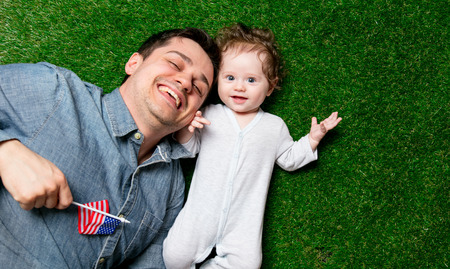 Father and son lying down on green grass with USA flag.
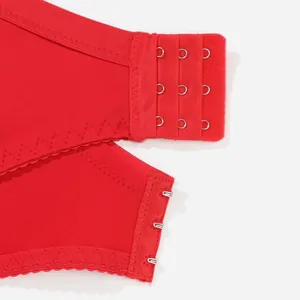 Detailed macro view of the three-row adjustable hook-and-eye back closure on a red lace bra
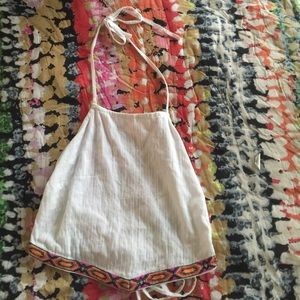 Halter top with pattern trimming at the bottom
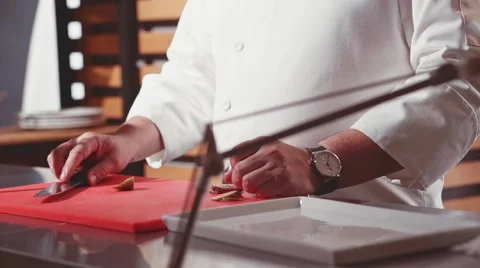 Close-up of chef hands cooking food in restaurant kitchen. Slow Motion. Stock Footage 53897005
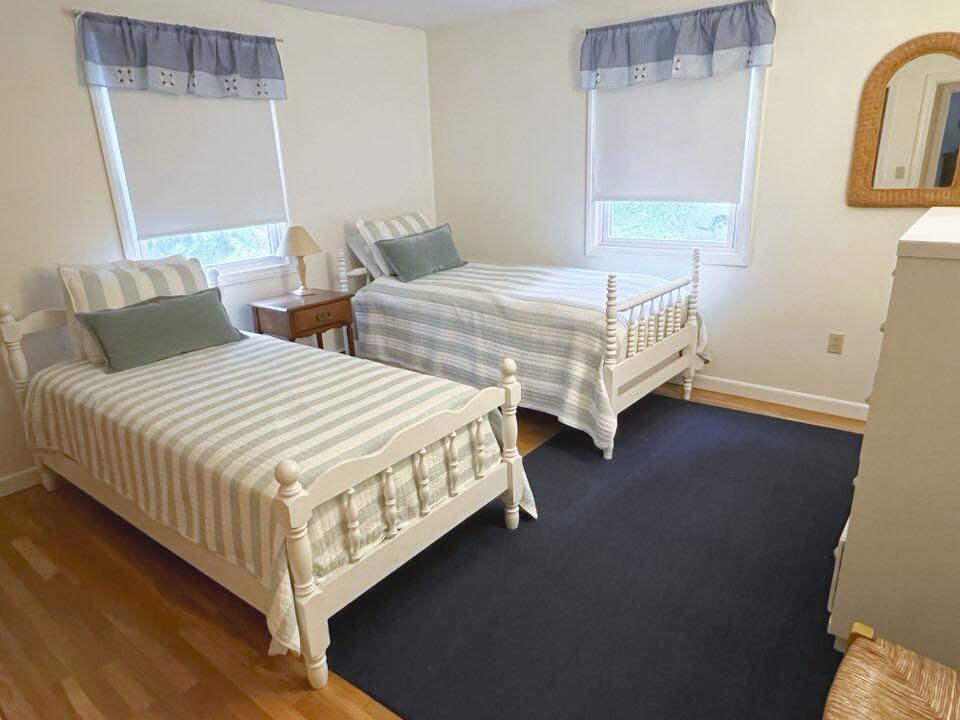 199 Timberlane Drive Brewster, MA 02631 - Photo 31 of 44 a bedroom with two beds and a table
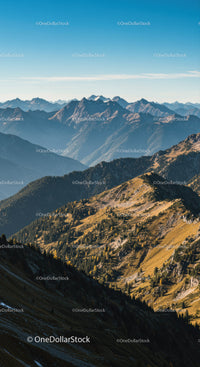 Majestic Mountain Range with Forested Hills Under Clear Blue Sky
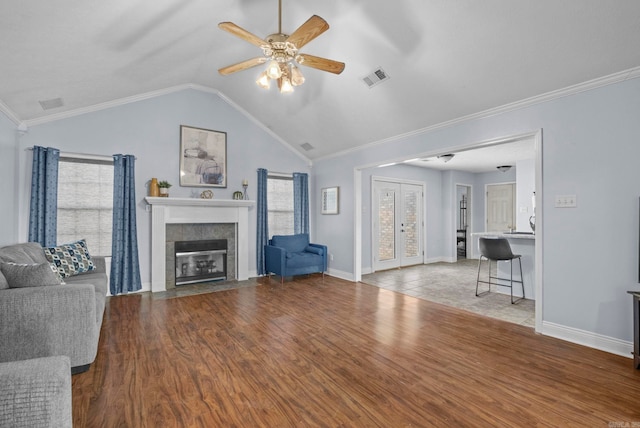 living room featuring a tiled fireplace, ornamental molding, lofted ceiling, and hardwood / wood-style flooring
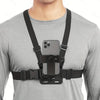 A person wearing a gray shirt has an adjustable phone clip holder with a black chest strap attached to their shirt.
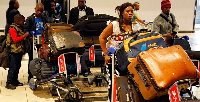 Nigerians queue at passport control at the O R Tambo International Airport in Johannesburg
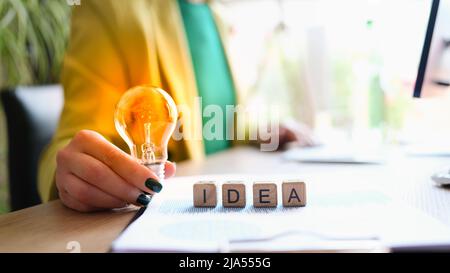 Donna d'affari in tuta verde che tiene lampadina sopra idea closeup parola Foto Stock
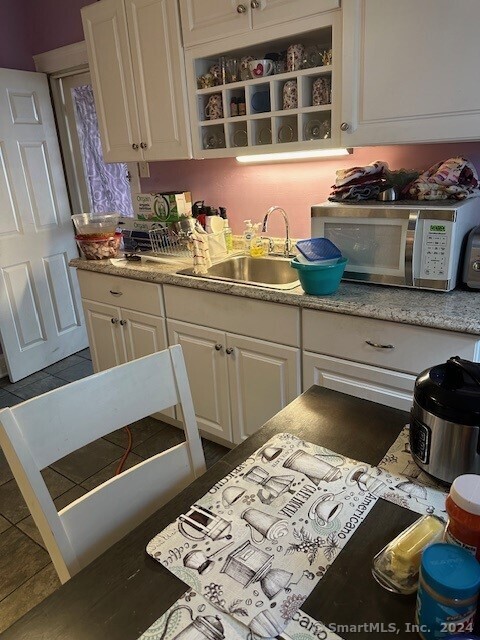 kitchen with white cabinetry, dark tile patterned floors, and sink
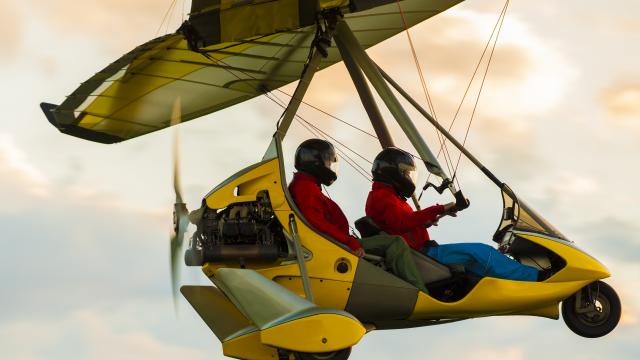 Microlight aircraft in the air flying in sunset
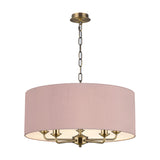 Banyan 5-light E14 pendant in antique brass with curved candle arms beneath a 60cm taupe drum shade with gold lining, chain suspension, shown on a white background.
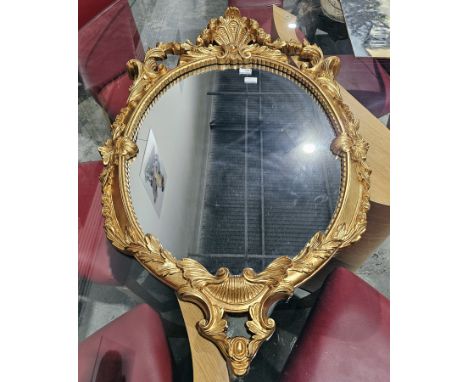 20th century gilt framed oval wall mirror,&nbsp;scrolling acanthus and shell border, approximately 101cm by 62cm
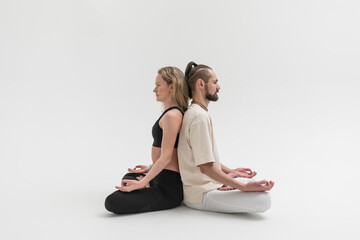 Fototapeta na wymiar А man and a woman sit and meditate on the floor with their backs against each other. Young people practicing contact yoga psychological therapeutic exercise in studio on white background.
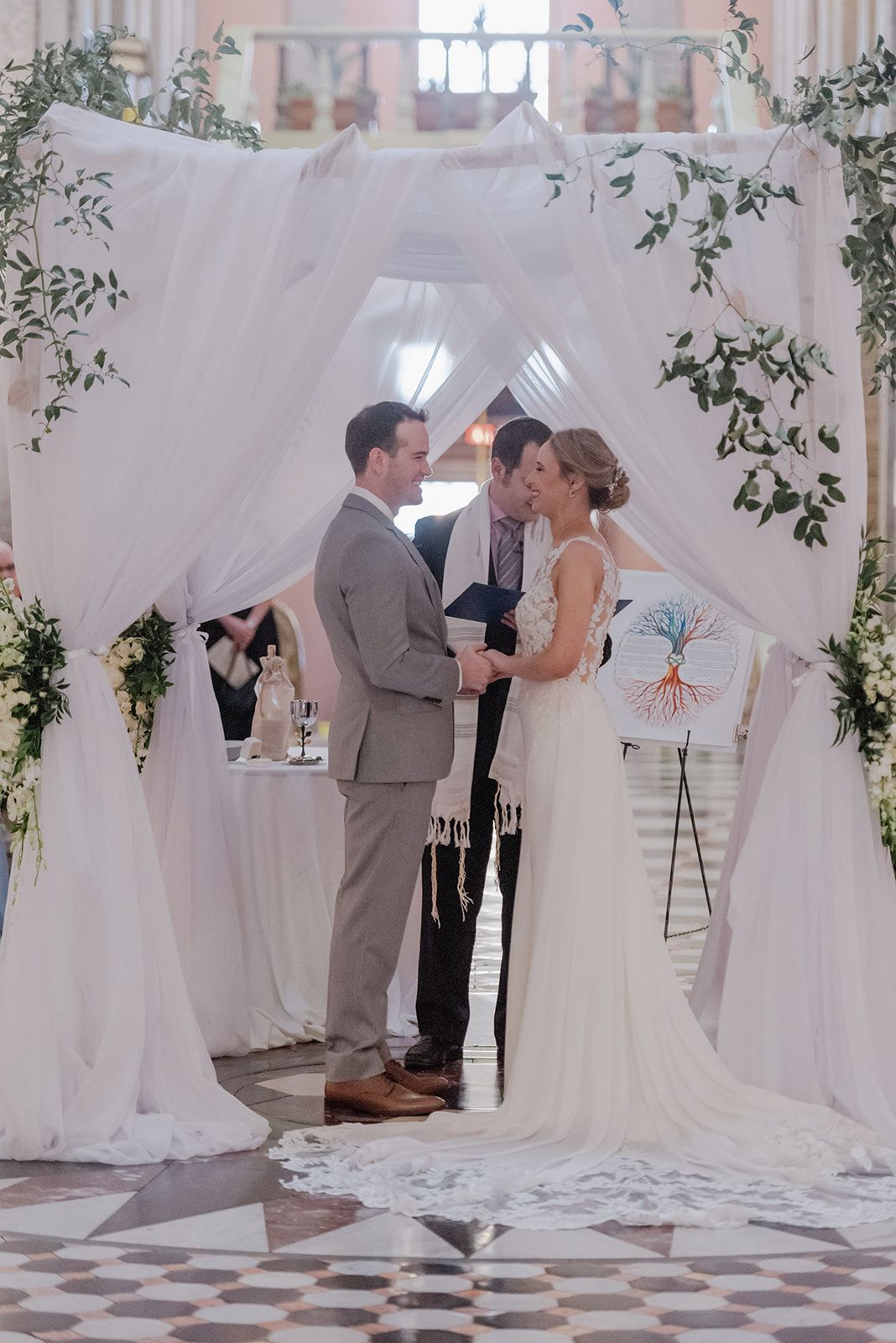 chuppah with florals and smilax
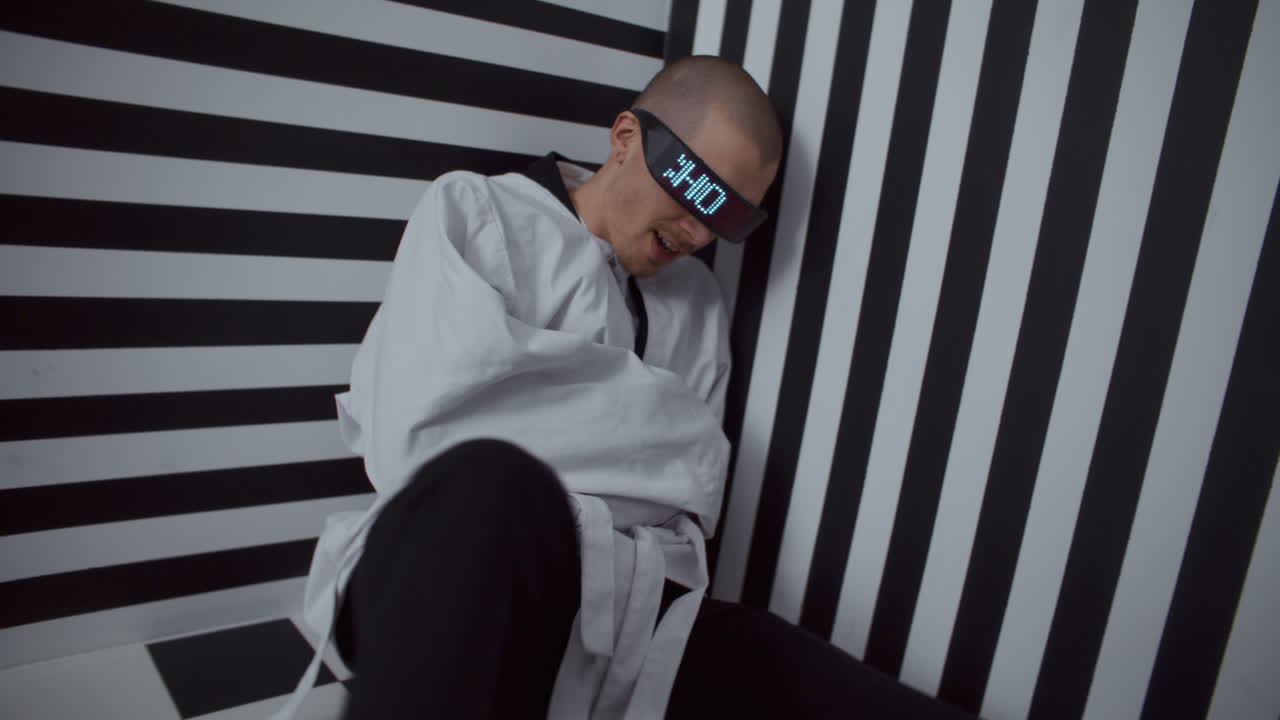 Man in Restraints with Digital Glasses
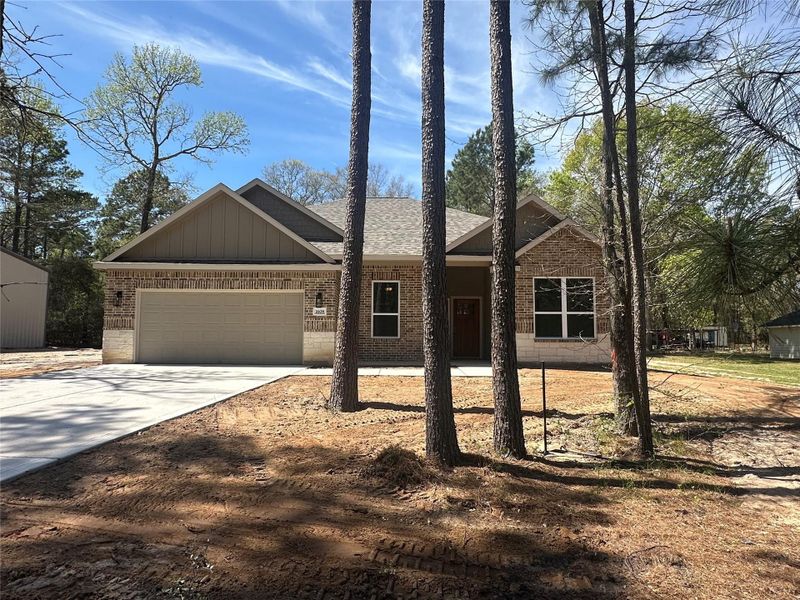Front exterior of a new home in , Montgomery, TX, highlighting curb appeal (Image 1). Front exterior of a new home in , Montgomery, TX, highlighting curb appeal (Image 1).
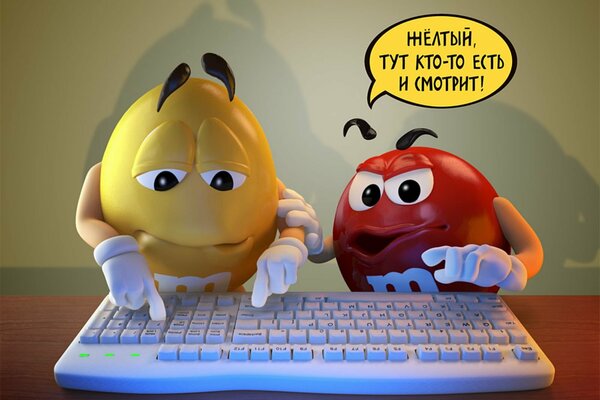 Two cartoon candies behind the keyboard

Work task |
A faithful copy is needed of the lines from the one containing "living room featuring" through the last line of the data above, with pictures left out.

Solved exercise |
 living room featuring a tiled fireplace, ornamental molding, lofted ceiling, and hardwood / wood-style flooring
 A person wearing a gray shirt has an adjustable phone clip holder with a black chest strap attached to their shirt.
 Nigerians queue at passport control at the O R Tambo International Airport in Johannesburg
 Donna d'affari in tuta verde che tiene lampadina sopra idea closeup parola Foto Stock
 kitchen with white cabinetry, dark tile patterned floors, and sink
 Microlight aircraft in the air flying in sunset
 Banyan 5-light E14 pendant in antique brass with curved candle arms beneath a 60cm taupe drum shade with gold lining, chain suspension, shown on a white background.
 20th century gilt framed oval wall mirror,&nbsp;scrolling acanthus and shell border, approximately 101cm by 62cm
 Fototapeta na wymiar А man and a woman sit and meditate on the floor with their backs against each other. Young people practicing contact yoga psychological therapeutic exercise in studio on white background.
 chuppah with florals and smilax
 Man in Restraints with Digital Glasses
Front exterior of a new home in , Montgomery, TX, highlighting curb appeal (Image 1). Front exterior of a new home in , Montgomery, TX, highlighting curb appeal (Image 1).
 Two cartoon candies behind the keyboard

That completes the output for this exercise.